* _Exercise description_:
For this task, output exactly the lines of the material below starting at the line with "Medium Photo 0" and ending at the line with "peony in the"; pictures are to be excluded.

* _Working data_:

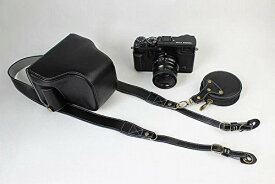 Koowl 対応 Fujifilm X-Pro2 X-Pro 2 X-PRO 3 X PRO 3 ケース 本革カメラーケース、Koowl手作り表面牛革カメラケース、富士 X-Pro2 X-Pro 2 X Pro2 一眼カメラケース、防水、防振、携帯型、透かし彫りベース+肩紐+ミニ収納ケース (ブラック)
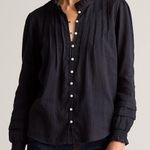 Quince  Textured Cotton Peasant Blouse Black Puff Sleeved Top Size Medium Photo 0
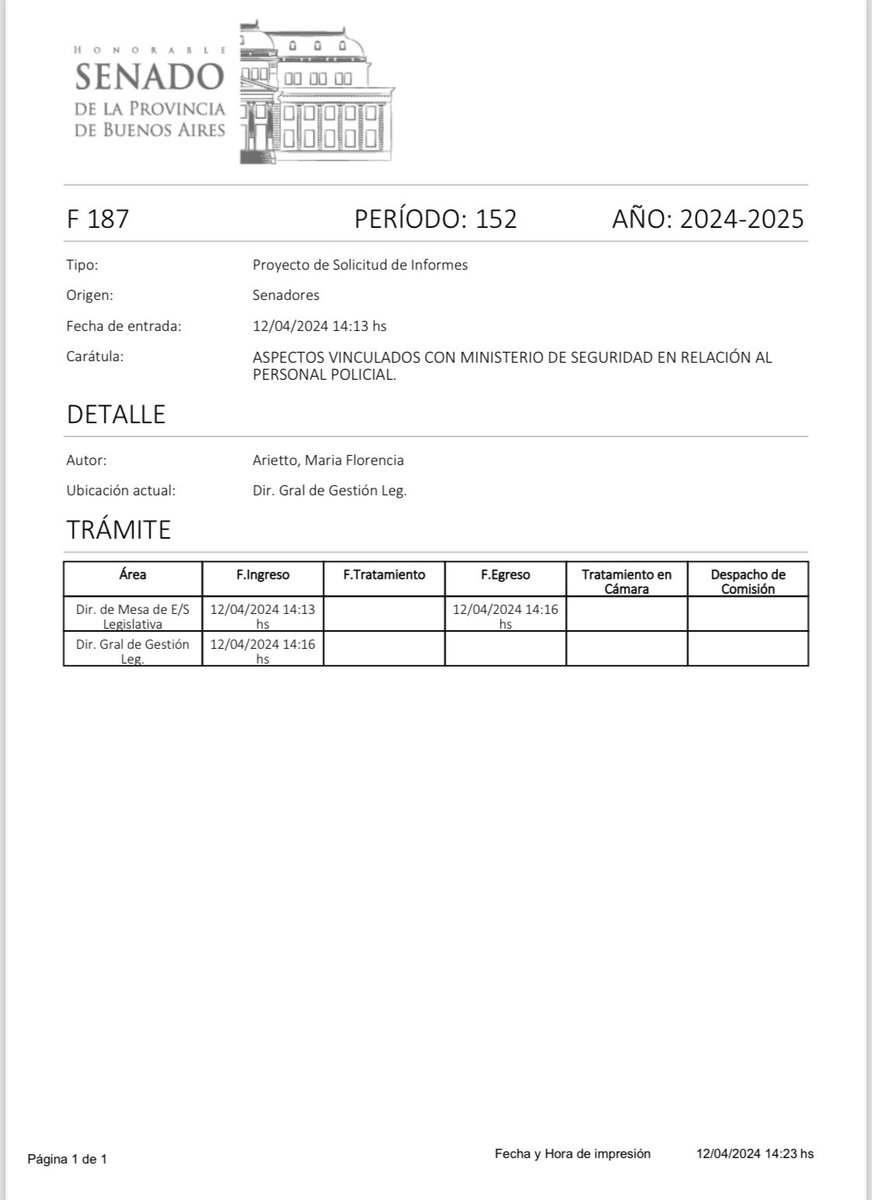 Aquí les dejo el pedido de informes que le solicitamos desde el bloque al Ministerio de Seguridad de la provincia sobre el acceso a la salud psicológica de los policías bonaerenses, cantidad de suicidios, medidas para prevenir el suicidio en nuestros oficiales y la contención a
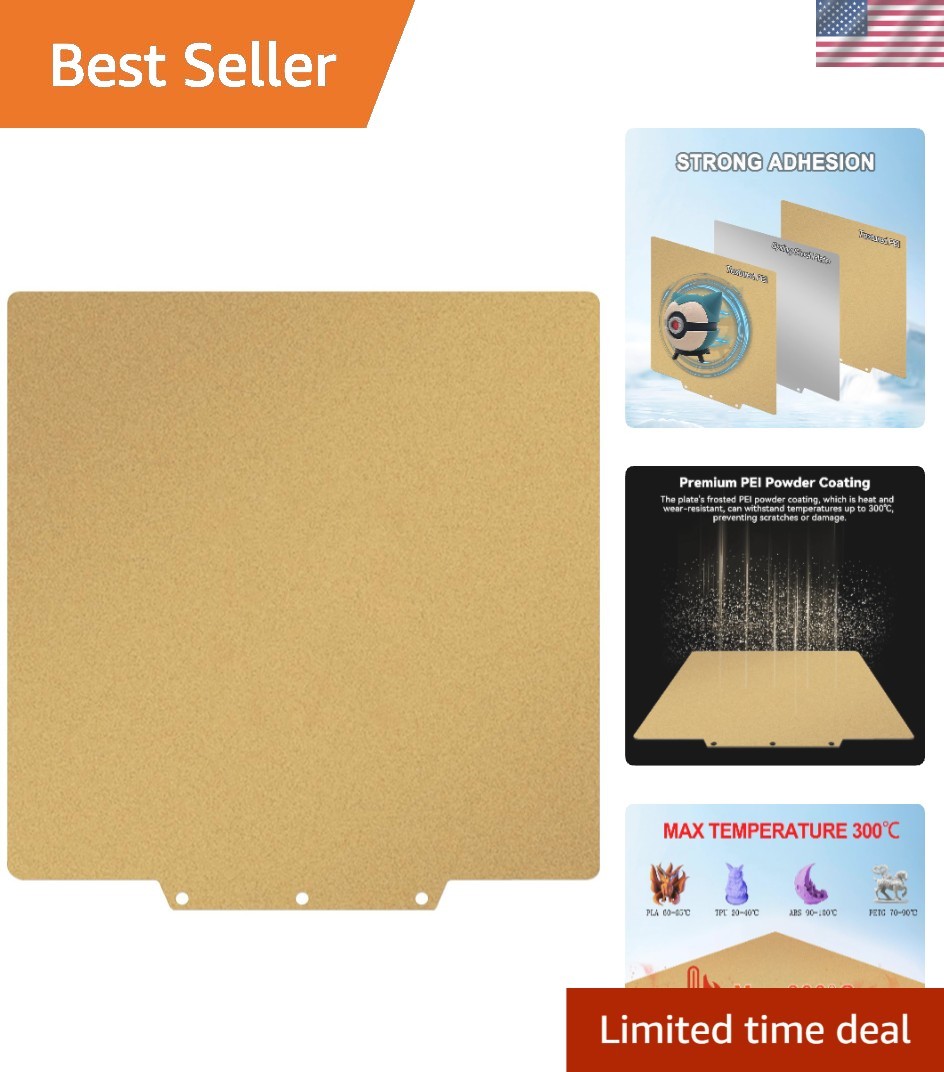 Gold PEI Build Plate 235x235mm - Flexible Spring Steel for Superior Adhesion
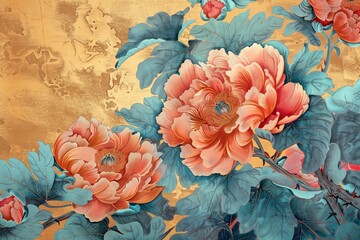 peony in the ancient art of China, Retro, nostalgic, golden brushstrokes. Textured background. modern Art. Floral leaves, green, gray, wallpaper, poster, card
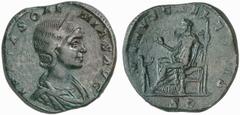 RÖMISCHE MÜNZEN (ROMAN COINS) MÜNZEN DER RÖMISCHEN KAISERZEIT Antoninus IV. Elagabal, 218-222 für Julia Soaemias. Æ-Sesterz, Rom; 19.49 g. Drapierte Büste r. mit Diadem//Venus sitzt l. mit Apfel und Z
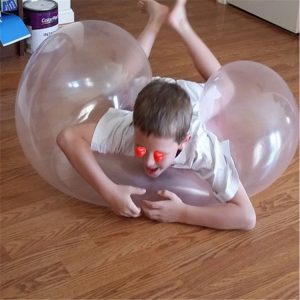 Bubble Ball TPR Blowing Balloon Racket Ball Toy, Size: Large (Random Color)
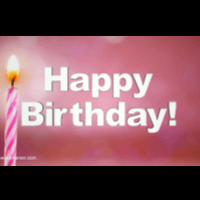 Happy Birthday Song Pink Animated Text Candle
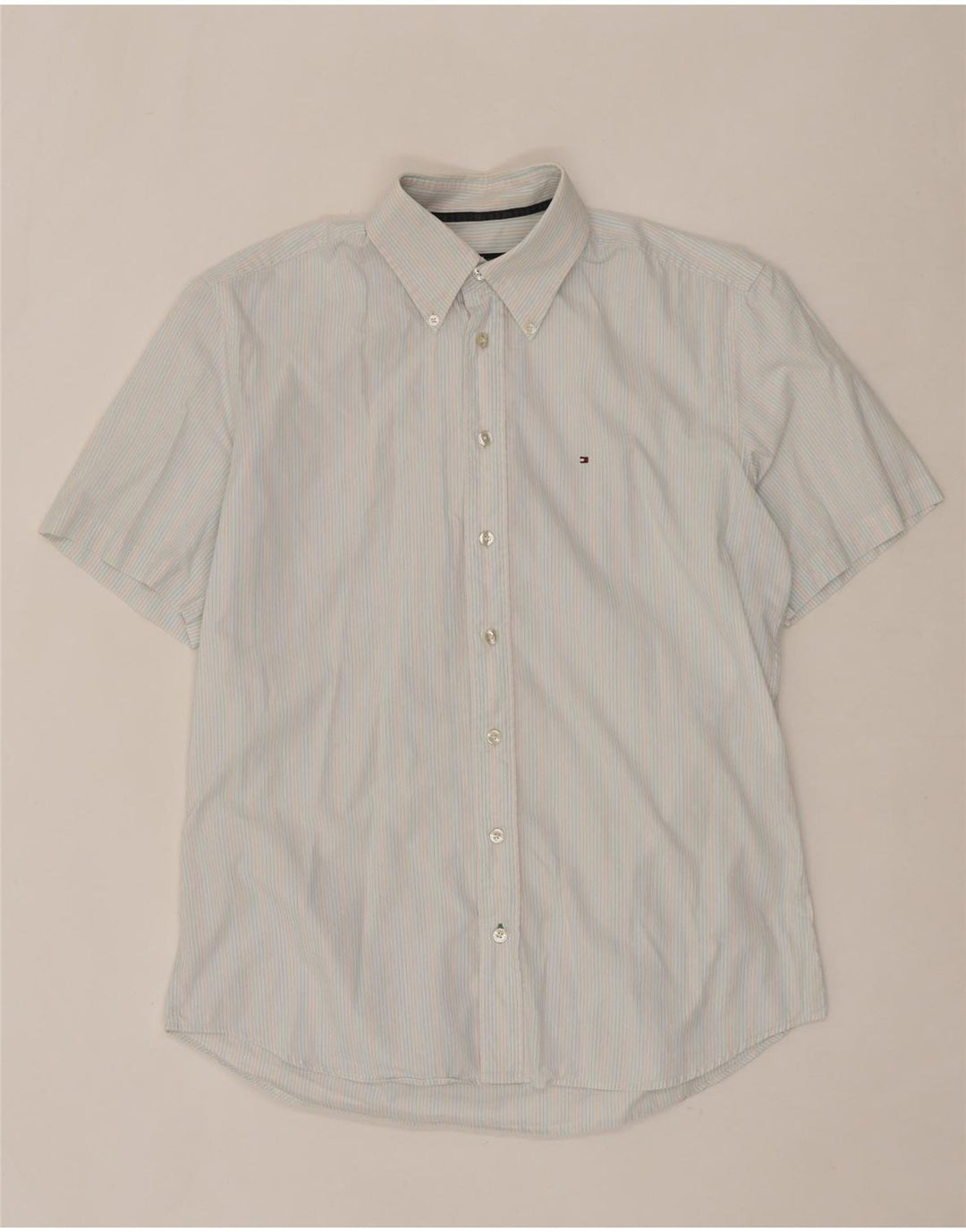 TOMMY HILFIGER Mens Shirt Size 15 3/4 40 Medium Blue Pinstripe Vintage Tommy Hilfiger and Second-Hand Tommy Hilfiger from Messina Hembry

* _Solution for this task_:
 Quince  Textured Cotton Peasant Blouse Black Puff Sleeved Top Size Medium Photo 0
 Aquí les dejo el pedido de informes que le solicitamos desde el bloque al Ministerio de Seguridad de la provincia sobre el acceso a la salud psicológica de los policías bonaerenses, cantidad de suicidios, medidas para prevenir el suicidio en nuestros oficiales y la contención a
 Gold PEI Build Plate 235x235mm - Flexible Spring Steel for Superior Adhesion
 peony in the ancient art of China, Retro, nostalgic, golden brushstrokes. Textured background. modern Art. Floral leaves, green, gray, wallpaper, poster, card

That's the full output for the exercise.